L’impatto della visita in Colombia di Papa Francesco

(di Eugenio Trujillo Villegas) Papa Francesco ha terminato la sua visita di cinque giorni in Colombia e l’impatto di questo grande evento nel Paese è stato molto importante. Sicuramente avrà notevoli ricadute sul futuro immediato. Nei prossimi giorni verranno fatte analisi e considerazioni di ogni ordine su ognuno dei discorsi pronunciati, degli eventi organizzati e pure dell’accoglienza che questa nazione profondamente cattolica ha dato al Romano Pontefice.

Fra le molte considerazioni che si potrebbero fare, due mi sembrano maggiormente importanti. La prima è che il Papa non si è mai riferito in forma diretta ai complessi Accordi di pace firmati fra il governo del Presidente Santos e la guerriglia delle FARC, e l’altra è l’impressionante manifestazione di cattolicità del popolo colombiano.

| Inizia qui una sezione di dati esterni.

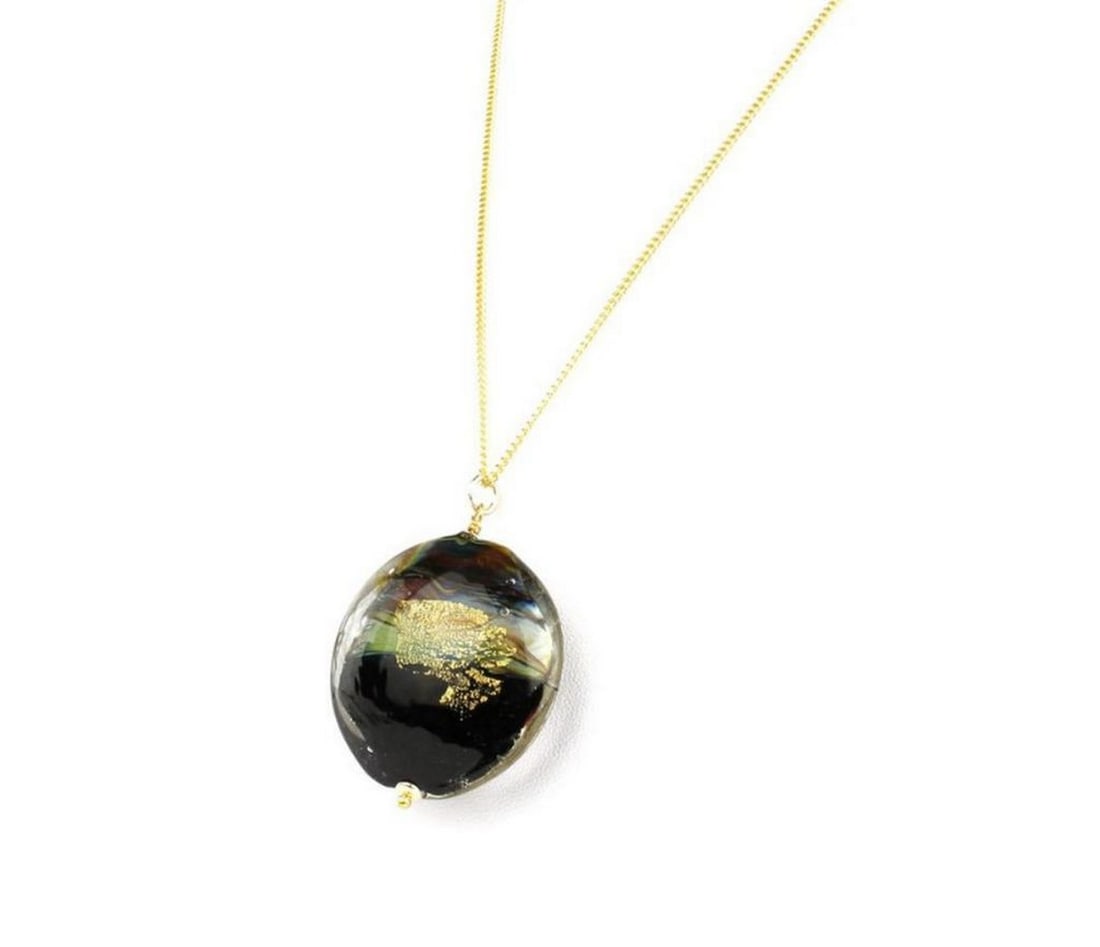 Venetian Glass Osiris Murano Glass Pendant Necklace: Venetian Glass Osiris Murano Glass Pendant Necklace Glass pendant hand made with lamp working technique with chalcedony and real gold leaf 24 kt who gives to this necklace elegance and preciosity.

Nei confronti della prima considerazione, cioè sugli Accordi con le FARC, va ricordato che il motivo iniziale della visita di Francesco era quello di benedire detti Accordi giacché il governo aveva bisogno dell’appoggio e del supporto di qualcuno con il potere e l’influenza del Papa. Da quando è cominciato il “processo di pace”, un settore molto importante dell’opinione pubblica si è rifiutato di accettare i vantaggi della supposta pacificazione e si è mantenuto in un atteggiamento di resistenza e di opposizione dinanzi alle capitolazioni dello Stato nei confronti della guerriglia marxista.

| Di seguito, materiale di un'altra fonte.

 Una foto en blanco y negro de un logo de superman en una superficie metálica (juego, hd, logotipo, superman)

Quando venne annunciata la visita del Papa in Colombia un anno fa, l’obiettivo degli organizzatori era quello di approfittare della sua presenza per benedire gli Accordi, dissipare i dubbi che molti nutrivano e convincere la maggioranza del Paese ad accettare il “processo di pace”. E in questa ottica hanno lavorato tutto l’anno sia il Governo che la diplomazia Vaticana, affinché la visita papale rappresentasse il culmine aureo di questo processo. Ciononostante, lungo tutto il tempo dei preparativi, qualcosa di fondamentale è andato via via cambiando in lungo e in largo in tutta la nazione colombiana.

È emerso in modo inatteso una profonda e categorica attitudine di rifiuto della maggioranza dei colombiani verso gli Accordi, evidenziata con il risultato in favore del NO al referendum dell’anno scorso, e questo rifiuto non ha fatto altro che accrescersi. A ciò va sommata la disastrosa gestione governativa del presidente Santos.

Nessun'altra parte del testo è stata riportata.